I have some HC growing emersed on the window till and it's flowering.
It's the first time i see this so i thought i'd share some pics here.

Very tiny but pretty little flowers.


----------



## rebel (17 Jun 2018)

Stunning! Ive grown it in all sorts of situations but never any flowers!!

Well done.


----------



## Sakura83 (17 Jun 2018)

First time see that. Thank you


----------



## Something Fishy (30 Sep 2018)

Awesome just seen this  I have some on the sill too they love it don’t they. I’m hoping to move straight to the tank but not quite sure how just yet! Haha

Kudos on the flowers though. Where did your cuttings come from?
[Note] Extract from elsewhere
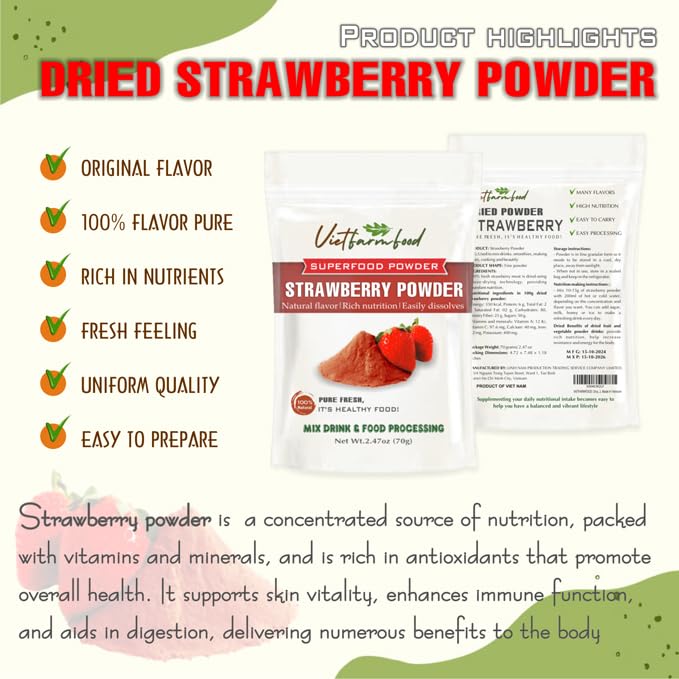 Strawberry Powder 2.47 Oz (70G) Vietfarmfood: Freeze-Dried Extracted From 100% Pure, Sugar-Free. Used To Mix Mixed Drinks Fresh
Sent from my iPhone using Tapatalk


----------



## Hades (10 Oct 2018)

Something Fishy said:


> Awesome just seen this  I have some on the sill too they love it don’t they. I’m hoping to move straight to the tank but not quite sure how just yet! Haha
> 
> Kudos on the flowers though. Where did your cuttings come from?
> 
> ...



They did seem to love being on the sill. 
They were just cuttings from the rug in my tank. Took a piece out and placed it in a soup bowl and topped it up with water. 
The waterlevel dropped as i forgot about it for a few days and it began to flower shortly after.


----------



## dw1305 (10 Oct 2018)

Hi all, 





Hades said:


> The waterlevel dropped as i forgot about it for a few days.....


That is probably what stimulated the flowering.

If you are an emergent plant it is a waste of resources to open your flower under water, so natural selection will have selected for plants that are stimulated to flower a couple of days after drying. 

cheers Darrel


----------